What I really wanted, though, was a way to get personalized recommendations of articles, like StumbleUpon but for Wikipedia. That way I could avoid some of the hit-or-miss results of browsing random articles, and I wouldn’t have to wade through topic lists either.
So I’ve built Wiki Stumble, a little app that suggests Wikipedia articles based on user-selected categories and also based on the user’s reaction (thumbs up or down) to previous recommendations.
This is my second “lightning app” this month, so named because I’m making them in the spare hours of a day or two each. In the end I’ll choose one or two to continue expanding while I learn better Rails testing skills. These lightning apps are simple and intentionally leave out a lot of features, but I’m still trying to do something new in each one.

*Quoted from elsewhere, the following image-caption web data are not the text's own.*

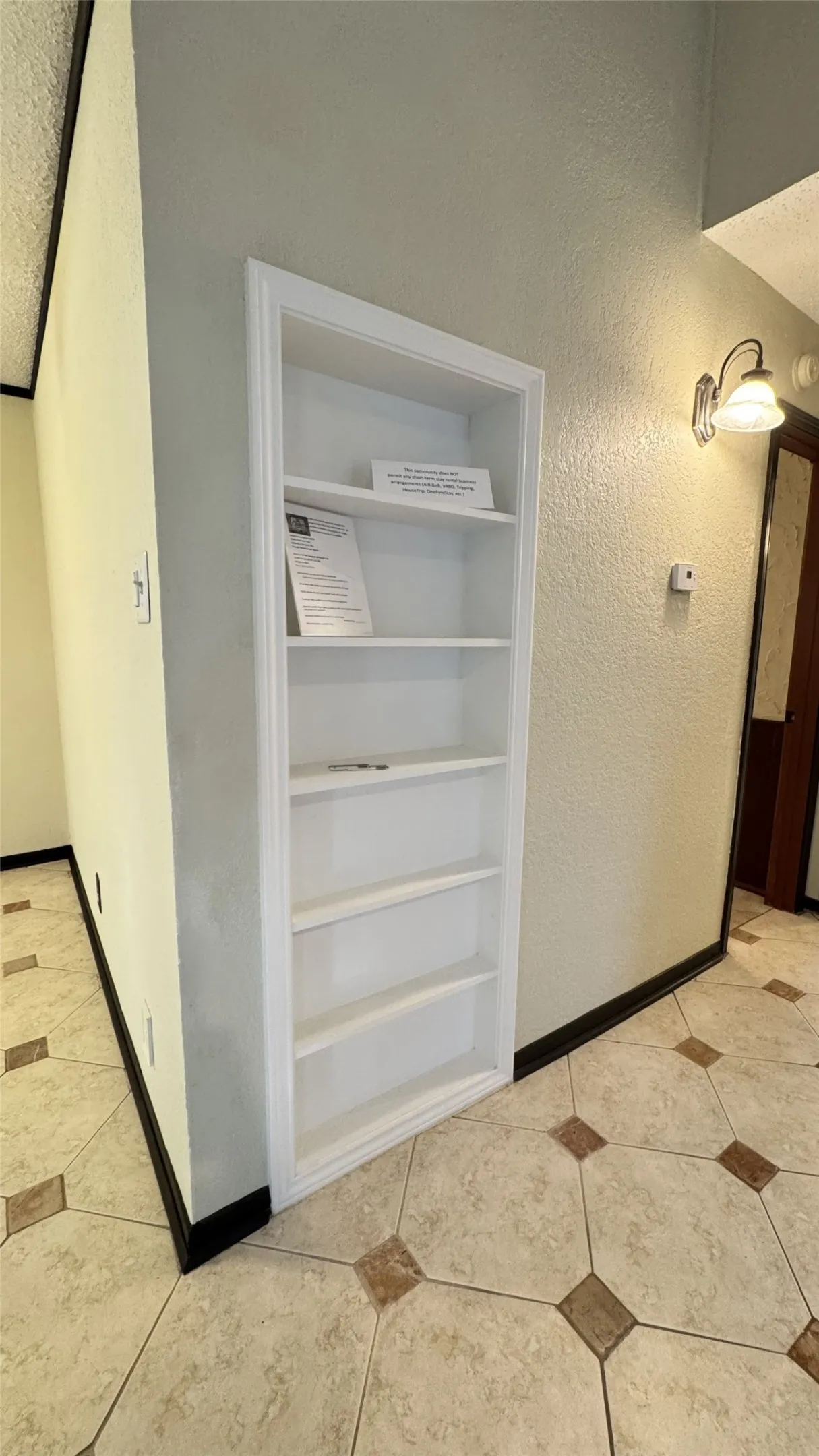 Condominium For Sale in Tarrant County , 1200 Calico Lane 820, Arlington, Texas 76011, 1 Bedroom, 1 Bathroom, Garage spaces, 792 Sqft, built in 1981, Preowned, mls#21259821, Real Estate Agent in Arlington, Homes For Sale in Tarrant county, Homes For Sale in Arlington, Realtor in Arlington Texas, Real Estate Brokerage Independent Realty Texas, Luminita Cordes Realtor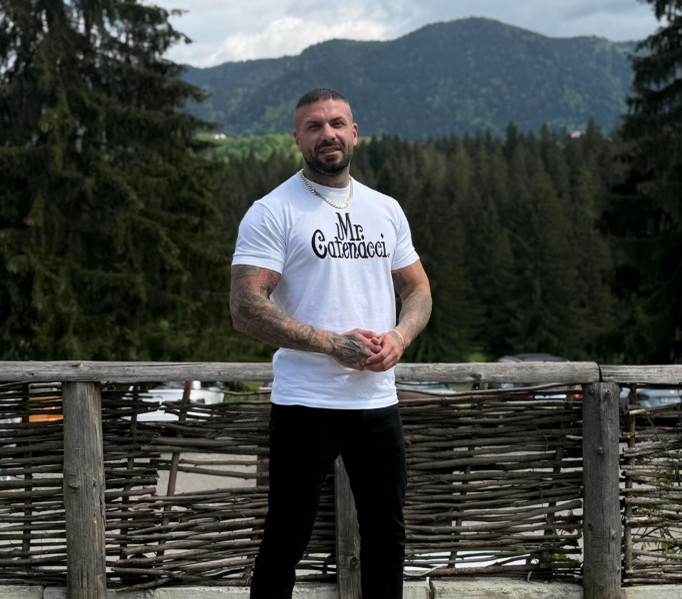 Narcis Bujor, acuzat de fani că și-a înjectat buzele! Ce intervenții estetice și-ar fi făcut ispita de la Insula Iubirii, de fapt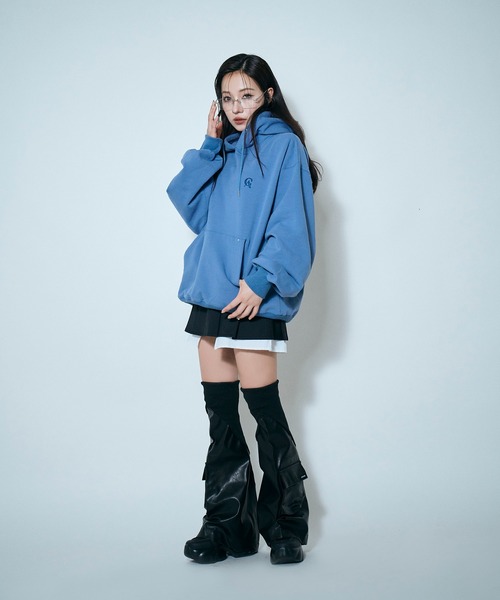 ANDGEEBEE（アンジービー）の「UNISEX 裏起毛パッチロゴパーカー（パーカー・レディース・ブルー/カーキ・FREE）」の16枚目の写真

New things I did in this app
- Used the Wikipedia APIs.
- Wrote more tests this time around, again using RSpec. (I’ve mostly used Minitest until recently.) I wrote most of my tests toward the end, because for this app I wasn’t sure how I would implement the main feature and how it could be tested, until I actually tried building it (more on that below). Still, I have plently of tests now, and I did manage to sneak in some TDD for improvements toward the end.
- Gave Bootstrap another chance. I’ve avoided it in recent projects, but I wanted to try it again; after all, I already know my around Bootstrap, so the learning curve would not be an issue. After I installed a Bootstrap theme for a slightly less generic look, I tackled one of Bootstrap’s big deficiencies: the lack of a dark mode. I followed this guide, but in the end I abandoned the effort because it was giving me too many problems. Someday when Bootstrap finally includes a built-in dark mode, I might use it in a personal project. For now, I chose PaperCSS again.
The technical challenge
Unlike my first lightning app, which was nothing more than a simple interface to an API, this second app posed a real challenge: how to retrieve Wikipedia articles based on category preferences? You’d think it would be straightforward, just a matter of an API call to get a random article within a set of given categories. But it is not so simple, for two reasons.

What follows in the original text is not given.